Snelten spent 2014 with the Salem-Keizer Volcanoes and Augusta Greenjackets, posting a combined 4–1 record and 2.56 ERA in 29 relief appearances, and 2015 with the San Jose Giants and Augusta, pitching to a combined 5–11 record and 3.44 ERA in 23 total starts between the two teams. In 2016, he pitched for San Jose, going 4–7 with a 4.11 ERA in 31 games (13 starts), and in 2017, he played for the Richmond Flying Squirrels and Sacramento River Cats where he went 8–1 with a 2.20 ERA and 1.09 WHIP in 51 appearances out of the bullpen. After the season, he played in the Arizona Fall League.

On November 20, 2017, the Giants added Snelten to their 40-man roster to protect him from the Rule 5 draft. Snelten began 2018 with Sacramento. On April 28, 2018, the Giants called up Snelten ahead of a doubleheader, and he made his major league debut in the second game. He was optioned back to Sacramento on May 8 and designated for assignment following the promotion of Dereck Rodríguez on May 28.

===Baltimore Orioles===
On June 4, 2018, Snelten was claimed off waivers by the Baltimore Orioles. On June 15, he was designated for assignment by Baltimore following the promotion of Corban Joseph. The next day, he cleared waivers and was sent outright to the Triple–A Norfolk Tides. In 22 games for Norfolk, Snelten recorded a 5.52 ERA with 30 strikeouts across 29 1/3 innings pitched. On March 25, 2019, Snelten was released by the Orioles organization.

===Chicago Dogs===
On April 15, 2019, Snelten signed with the Chicago Dogs of the independent American Association. Snelten made 20 starts for the Dogs, compiling a 7-3 record and 3.12 ERA with 112 strikeouts across 118 1/3 innings pitched.

=== Tampa Bay Rays ===
On December 29, 2019, Snelten signed with the Tampa Bay Rays, getting exposure after throwing 99 mph in viral videos seen on Rob Friedman's FlatGround Twitter account.
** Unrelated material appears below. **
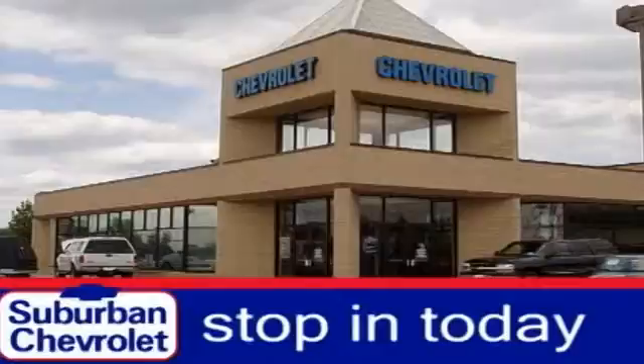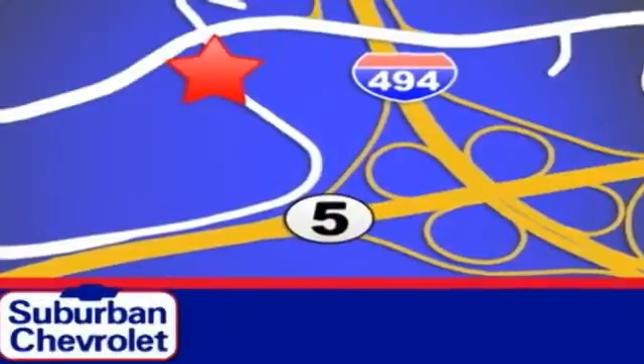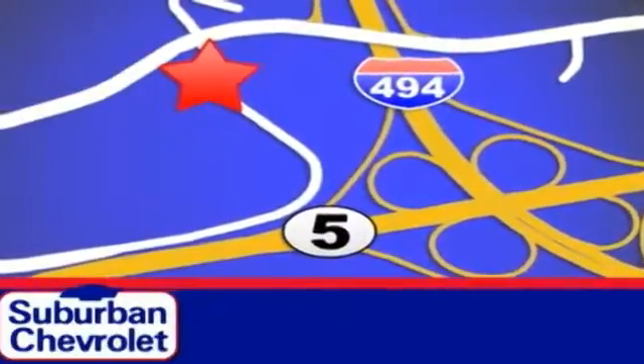Stop in today for a no-obligation test drive and shop over 16 acres of inventory. We are conveniently located in Eden Prairie at Highway 494 and Highway 5.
Snelten did not play in a game in 2020 due to the cancellation of the minor league season because of the COVID-19 pandemic. He became a free agent on November 2, 2020.

===Chicago Cubs===
On November 19, 2020, Snelten signed a minor league contract with the Chicago Cubs. However, he did not appear in a game for the organization during the 2021 or 2022 seasons.

===New York Yankees===
On August 5, 2022, Snelten signed a minor league deal with the New York Yankees. He did not appear in a game for the Yankees organization in 2022.

In 2023, Snelten played in 30 games for the Triple–A Scranton/Wilkes-Barre RailRiders, struggling to a 7.50 ERA with 48 strikeouts and 2 saves in 36.0 innings of work. On July 24, 2023, Snelten was released by New York.

===Chicago Dogs (second stint)===
On July 31, 2023, Snelten signed with the Chicago Dogs of the American Association of Professional Baseball. In 14 games for the Dogs, Snelten pitched to a 3.33 ERA with 40 strikeouts in 24 1/3 innings of work. In September 2023, Snelten was loaned to the AAPB's Fargo-Moorhead RedHawks to participate in the 2023 Baseball Champions League Americas, which the RedHawks won.

===Sultanes de Monterrey===
On December 12, 2023, Snelten signed a minor league contract with the Los Angeles Angels. However, on April 10, 2024, Snelten signed with the Sultanes de Monterrey of the Mexican League. In 15 games for Monterrey, he recorded a 5.23 ERA with 15 strikeouts across 10 1/3 innings pitched. Snelten was released by the Sultanes on June 3.

===Guerreros de Oaxaca===
On June 15, 2024, Snelten signed with the Guerreros de Oaxaca of the Mexican League. In 10 relief appearances, he posted a 3.24 ERA and 12 strikeouts over 8 1/3 innings. Snelten was released by Oaxaca on July 5.

===Chicago White Sox===
On January 16, 2025, Snelten signed a minor league contract with the Chicago White Sox. He did not make an appearance for the organization before he was released on May 16.

===San Diego Padres===
On December 23, 2025, Snelten signed a minor league contract with the San Diego Padres. Snelten was released by San Diego prior to the start of the regular season on March 24, 2026.